Si nomina quindi una Commissione (composta in maggioranza di
democratici), perché faccia noti questi deliberati agli uomini
di Firenze.
In tal modo, con una profonda
divisione di forze, tra ire e recriminazioni, si risolve il tentativo
di Mazzini volto a unificare, sotto la sua indiretta influenza, i
nuclei operai d'Italia. L'esule, che tante speranze ha fondato sui
risultati del Congresso di Firenze, ne è addoloratissimo; ma è
uomo che l'insuccesso non ha mai scoraggiato, anzi ritemprato di
forze.

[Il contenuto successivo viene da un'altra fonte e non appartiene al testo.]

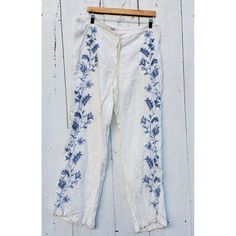 Jw Workshop Johnny Was Sz L 100% Linen Embroidered White Blue Floral Whimsy Wide Leg Pants New Without Tags White, Cornflower Blue Embroidery 100% Linen Machine Wash Blue Straight Leg Pants With Floral Embroidery, Blue Embroidered Spring Pants, Blue Floral Embroidered Wide Leg Bottoms, Embroidered Blue Straight Leg Pants, Blue Embroidered Straight Leg Pants, Relaxed Fit Blue Embroidered Pants, Blue Embroidered Pants With Relaxed Fit, Blue Bohemian Embroidered Pants, Bohemian Blue Embroidered Pants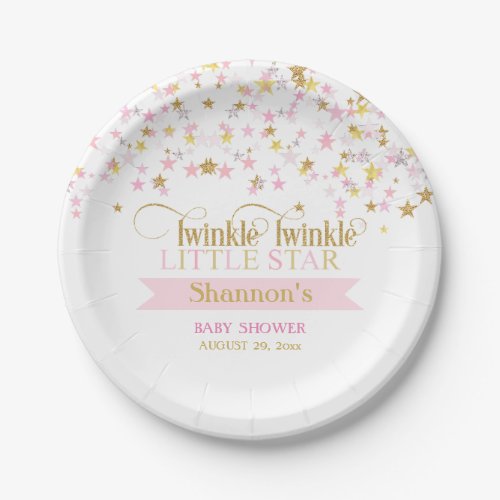 Twinkle Little Star Baby Shower Pink Gold Paper Plates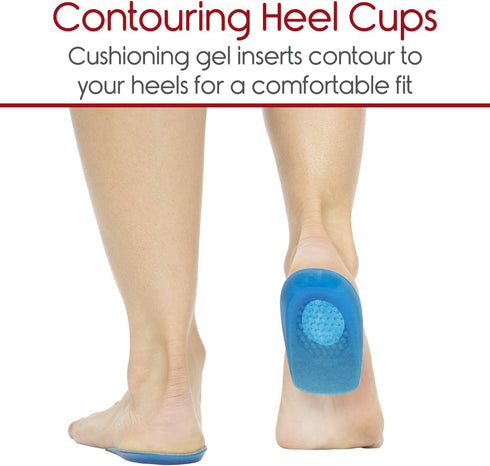 Vive Envelop Gel Heel Cups, Cushion for Women, Men, Plantar Fasciitis Support, Foot Pain Relief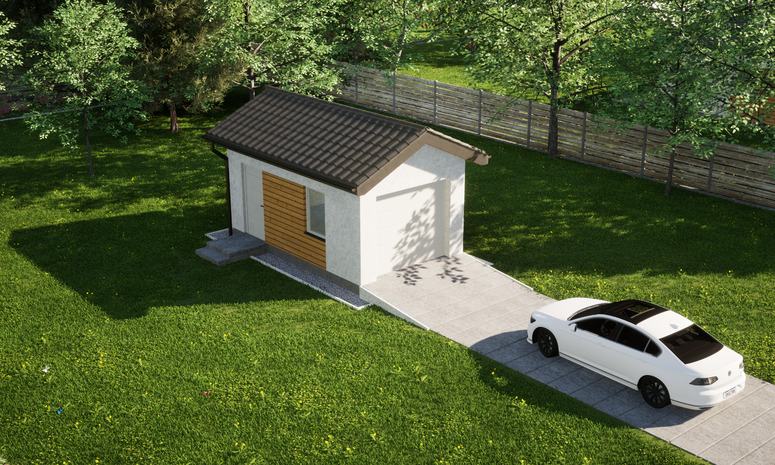 Garaż ERDOL G1 - Wersja lewa - Układ kalenicy prostopadły z dachem dwuspadowym o kącie nachylenia 25 stopni - Brama segmentowa z napędem IO, sterowana pilotem - UniPro WIŚNIOWSKI - Styropian, siatka i klej - Biały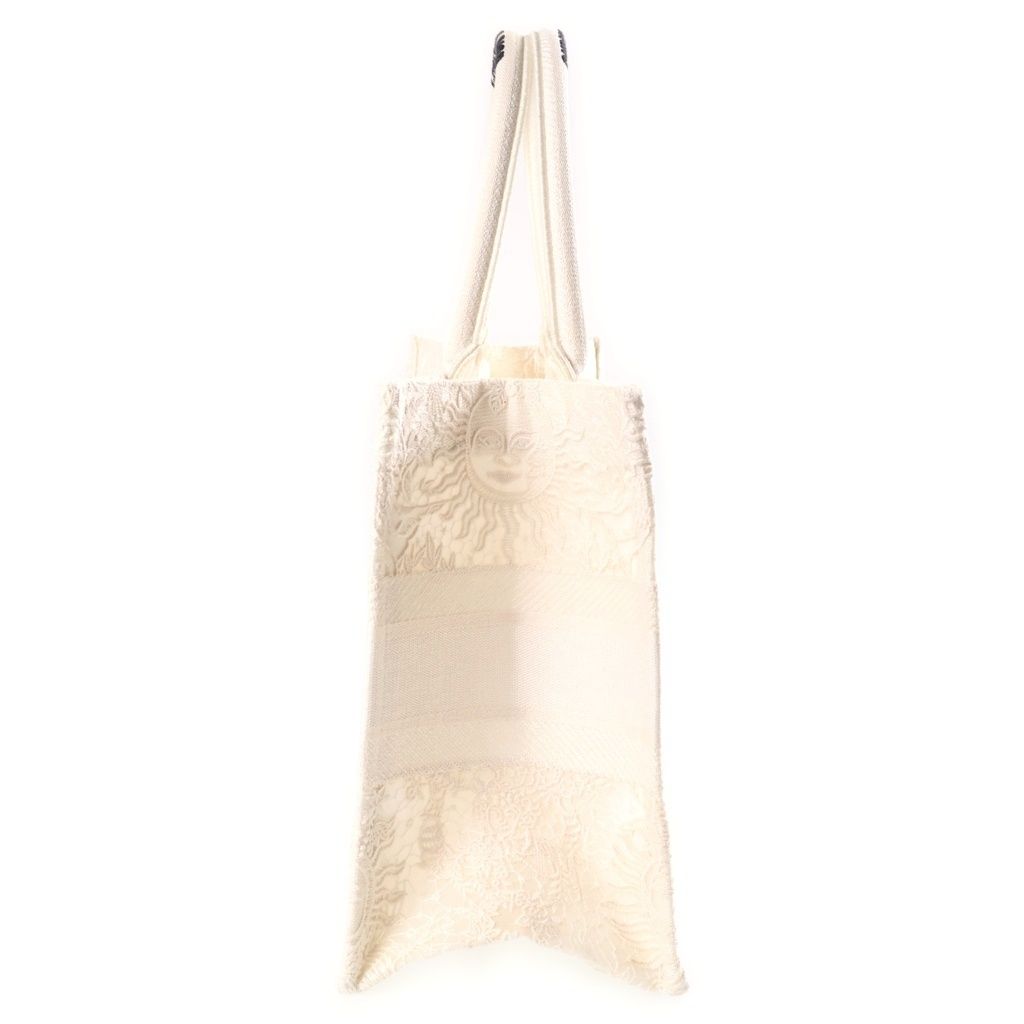 Dior Book Tote Bag Small Macrame Lace Ivory Canvas — view 3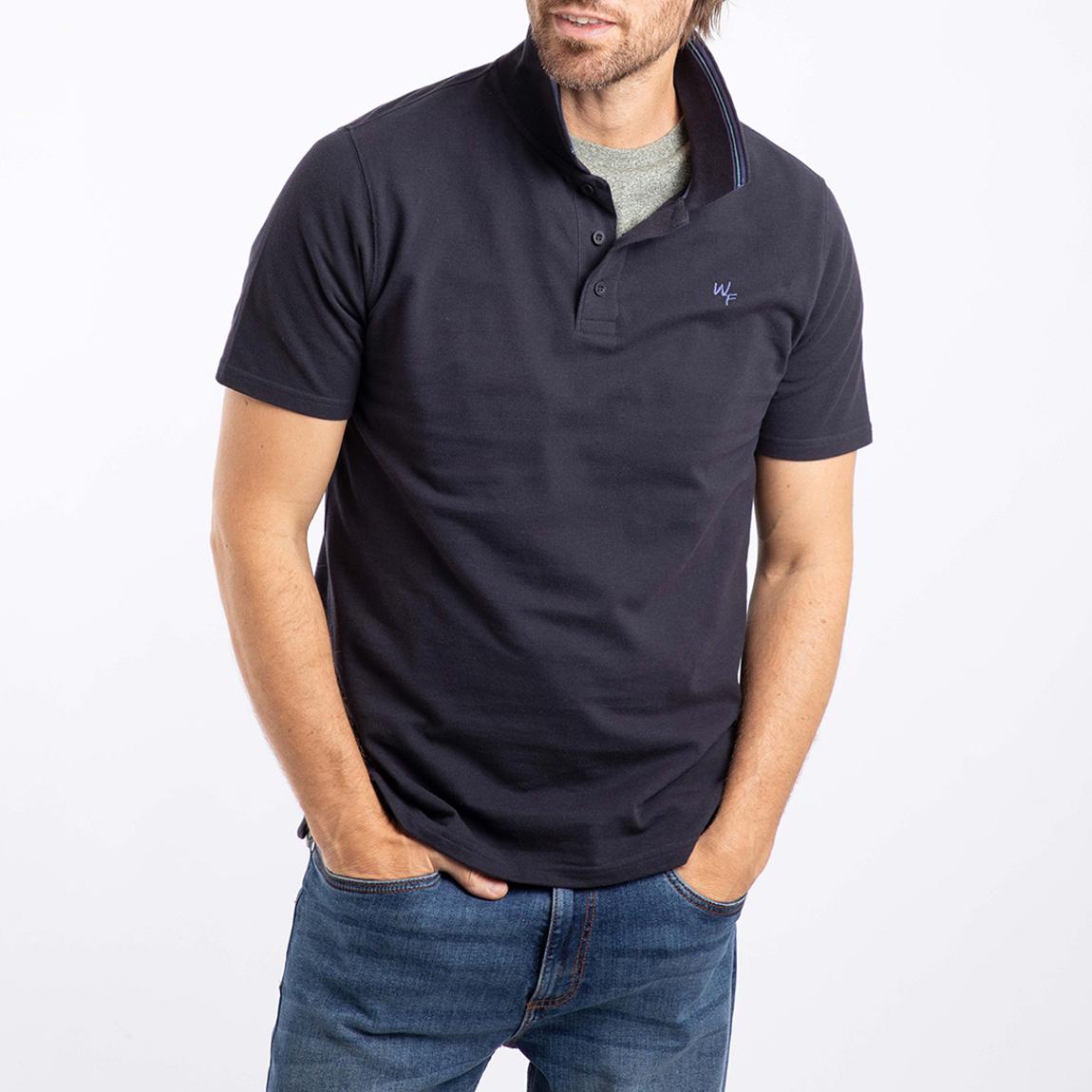 Navy Dylan Tipped Collar Organic Cotton Polo Shirt main product photo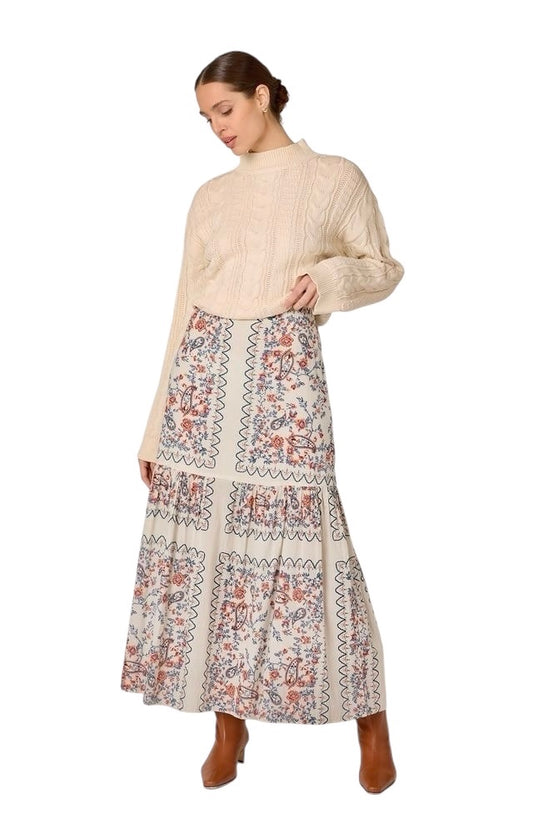 Marjorie Ankle Skirt in la ramos print by Cleobella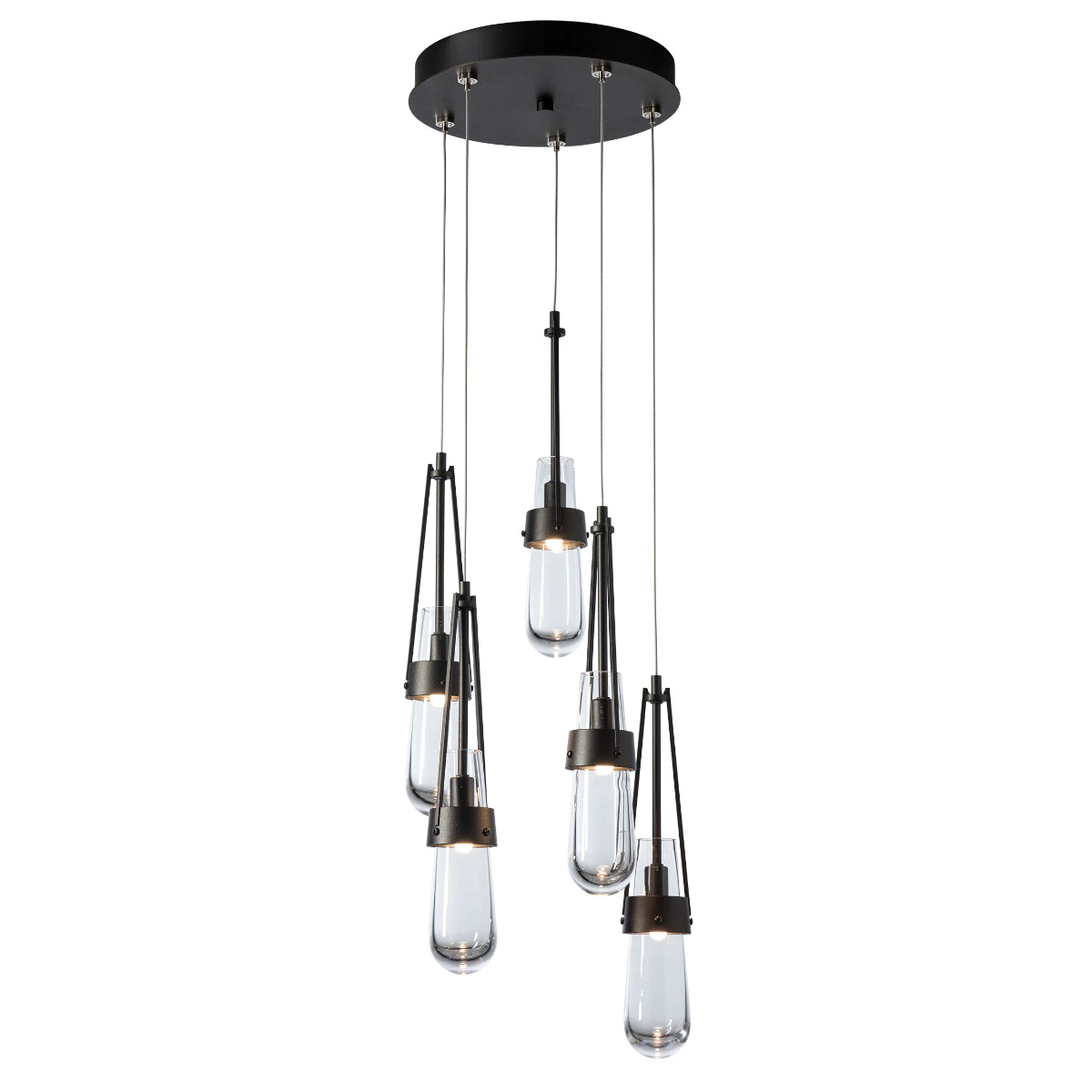 Link 5 lights Pendant Light with Standard Height Clear Glass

Giudica gli ultimi avvenimenti come sintomi della immaturità
del movimento operaio italiano e della necessità in cui questo
si trova d'esser guidato da mano saldissima. Perciò, mentre
s'affanna a tener vive e a moltiplicare le relazioni con le società
amiche, mentre, in ogni lettera che scrive, trova modo di far
rilevare quanto sia degradante per l'operaio il concetto che di lui
mostrano di avere i moderati133, Mazzini, attuando i
propositi espressi innanzi il congresso, si mette in comunicazione
con quei tre suoi amici, che sono stati incaricati di elaborare lo
statuto per le società operaie unificate.
I dissensi rivelatisi a Firenze, le
diatribe sui giornali, il Congresso di Asti, sono presto dimenticati.
«Noi non dobbiamo solamente curare il progresso operaio –
scrive a Savi, Mazzoni e Franchini il 29 novembre – ma tentare
che, mentre non esiste in Italia iniziativa di sorta, questa
unificazione operaia riesca tale da costituire una iniziativa tra le
classi operaie europee»; e presenta loro un abbozzo di statuto
«da discutersi tra voi tre», dichiara in capo alla
lettera; ma qualche riga piú giú: «Vi scongiuro
quindi ad accettare, quando la coscienza ve lo permetta, il mio
linguaggio». L'abbozzo di statuto, successivamente riveduto e
corretto, è in sostanza quello stesso che verrà poi
approvato nel Congresso di Napoli (1864) e, con piú solennità,
in quello di Roma del 1871134.
C'era molto da lavorare, in mezzo ai
nuclei operai, e grande era il bisogno che giovani, fidenti elementi
della borghesia intellettuale si avvicinassero al popolo per
comprenderne la miseria, gl'infiniti bisogni, per migliorarlo e
anche, sí, per esserne migliorati: poiché nell'operaio
si trova «ciò che è piú raro trovarsi in
oggi – la spontaneità degli affetti, la schiettezza
disinteressata delle impressioni, l'abitudine della
moralità»135.
«Accostatevi fidenti al popolo,
o giovani, e se a lui infonderete virtú di piú buone e
larghe idee, ne trarrete copia interminabile di energici e schietti
sentimenti. È l'ideale che divengano uno chi pensa e chi fa».
Cosí, proprio l'ultimo giorno del 1861, Mazzini scrive
all'Associazione giovanile abruzzese136.